Once the pots are dry, I make up a bucket of two parts John Innes seed compost to one part sharp sand, fill the pots, level the surface, remove the seed from the fridge where it has been since it was received or collected, sow it evenly as possible, top with about one cm of granite grit, label (pencil on white plastic) and place outside in bakers trays. The seed pots remain outside unprotected in all weather until germination occurs. Incidentally, it is worth checking last years sowings now if any ungerminated bulbs are involved, I found new seedlings of three crocuses yesterday.

Here are some of the new seed pans. I have sown 70 so far, but have some to go, and have not yet received either AGS or SRGC seed. I hasten to add that this is completely my fault for going away during the season when the seed lists arrive, so my requests were sent in VERY  late!

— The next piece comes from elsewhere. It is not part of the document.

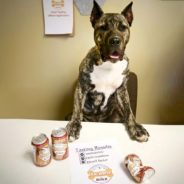 Rescued Dog Overcomes Rough Past To Become Brand’s Top Dog Brew Taster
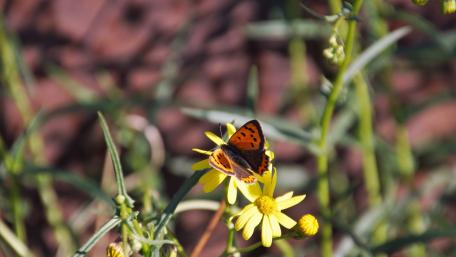 Butterfly in the autumn sun wallpaper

Its a seedy time of year...

Peat blocks

A 'watch this space' to conclude. When I first started alpine gardening in the late 1960's, peat gardens and peat walls were all the rage, fostered if not invented by the late Alf Evans. These constructions looked fine for the first year or so, but the peat blocks tended to become infested with Polytrichum moss, and had a tendency to disintegrate after hard frosts. As summers became hotter and drier (and, lest we forget, we had some humdingers in the UK in the mid-70's), the peat tended to dry out and , once dry, was almost impossible to rewet. Even the type of plant grown in the beds (Ericaceous shrubs, primulas, meconopsis, shortias, nomocharis, celmisias and so on) went out of fashion as summers became hotter and drier. Celebrities such as David Bellamy and Geoff Hamilton conducted vigorous and poorly informed campaigns against the use of peat in gardens, and peat gardens almost disappeared.

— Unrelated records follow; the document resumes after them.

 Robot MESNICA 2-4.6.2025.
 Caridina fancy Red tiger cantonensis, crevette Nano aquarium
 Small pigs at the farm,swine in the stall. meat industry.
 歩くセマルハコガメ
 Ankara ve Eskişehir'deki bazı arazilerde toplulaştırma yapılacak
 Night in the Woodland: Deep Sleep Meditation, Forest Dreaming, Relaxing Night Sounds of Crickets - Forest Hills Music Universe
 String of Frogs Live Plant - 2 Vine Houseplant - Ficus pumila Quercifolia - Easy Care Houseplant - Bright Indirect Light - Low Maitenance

Recently, the introduction of much larger blocks of sedge peat from Sweden has caused a renewed interest in peat gardening and ambitious new gardens have been built by Ron McBeath, Alan Furness and Julia Corden (the Explorers Garden at Pitlochry) amongst others. We are told that this is the only sure way to grow, for instance, shortias and pyrolas, straight into the block itself, often by sowing seed in situ.

Some of these new gardens involve hundreds of massive peat blocks. So far,I have only acquired three! I am finishing with a picture of the site where I intend to build a very modest peat wall. The blocks will need to be cut up and shaped. Some of you will remember the hilarious correspondence in the 'Panel of Experts' section of the AGS Bulletin nearly 40 years ago, during the first enthusiasm for peat gardening. Someone had written to ask how to cut up peat blocks, and had queried the experts reply that this was best done using a 'wood saw', asking where such an unlikely item of equipment could be acquired. Roy Elliott replied bruskely 'in any good hardware shop' (!).